Según los hechos probados, la denunciante detectó durante dicho periodo varios episodios de ladridos intensos seguidos de ladridos de dolor. Al salir a comprobar la situación a la terraza, el perro Han tenía la oreja mojada, el ojo afectado y parte del cuerpo cubierto por un líquido amarillento. Según el veterinario eran lesiones compatibles con quemaduras químicas. El mismo producto dejó rastro en el entorno: baldosas y mobiliario de jardín presentaron daños, confirmando el carácter corrosivo de la sustancia.

El autor, siempre según la sentencia, arrojaba el líquido desde el exterior de la vivienda, dirigiéndolo mediante una jeringuilla o elemento similar, con intención de dañar al animal.

En una de las ocasiones, la denunciante incluso llegó a reconocer al autor, alejándose tranquilamente del lugar.

El “making off” de una condena: cuando las cámaras son testigo

La investigación contó con un elemento determinante: imágenes de video de las cámaras municipales. Esa prueba permitió identificar al autor y resultó decisiva para transformar una sospecha razonable en una condena penal.

Un apunte incómodo (pero real): el móvil fue… que el perro ladraba

De acuerdo con lo expuesto en el procedimiento, al condenado le molestaban los ladridos de Han a su paso. Y, en lugar de optar por lo habitual (cambiar de acera, de calle o de actitud), decidió optar por lo delictivo.

Lo esencial: condena y consecuencias

La sentencia, dictada de conformidad, impone al condenado una multa de 4 meses-multa, inhabilitación especial para la tenencia y actividades relacionadas con animales durante 1 año y 4 meses, y el pago de 2.500 € en concepto de responsabilidad civil por los gastos veterinarios y los daños morales, además de los intereses legales y las costas procesales.

En palabras de M. S. C., denunciante: “Ver a Han con quemaduras y ese líquido en el pelo fue aterrador. Cuando vi las imágenes no podía creer que alguien pudiera hacer algo así por pura crueldad. Han está recuperado, y lo importante es que la justicia le ha marcado un límite claro.”

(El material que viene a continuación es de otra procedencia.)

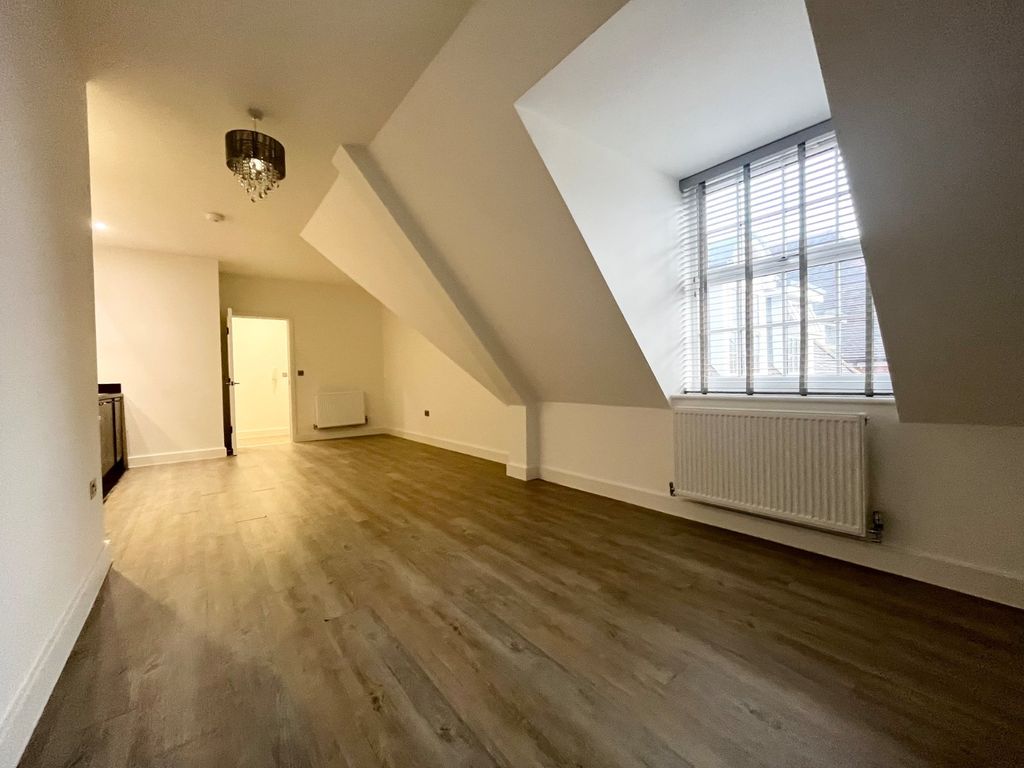 Property photo 3 of 17 Picture No. 26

Según Eloi Sarrió (Aboganimal), letrado: “Este caso demuestra dos cosas: que el maltrato animal también existe en formas ‘insólitas’, como el daño químico, y que ocuparse de recabar la prueba —por ejemplo, unas cámaras municipales— puede ser la diferencia entre una sospecha y una condena. Denunciar salva vidas.”

Denunciar funciona

Desde Aboganimal recuerdan que denunciar es la única vía real para activar la protección del animal y obtener una respuesta penal. Ante cualquier indicio de maltrato, aconsejan:

  • Documentar todo (con fotos, vídeos, fechas, detalles, testigos…).
  • Recurrir al veterinario y solicitar informes clínicos desde el primer momento.
  • Preservar las pruebas, incluyendo las imágenes, cuando existan cámaras públicas o privadas cercanas.

Y asimismo, es imprescindible realizar el oportuno seguimiento a la denuncia, personándose si es posible, con abogado y procurador en el procedimiento judicial.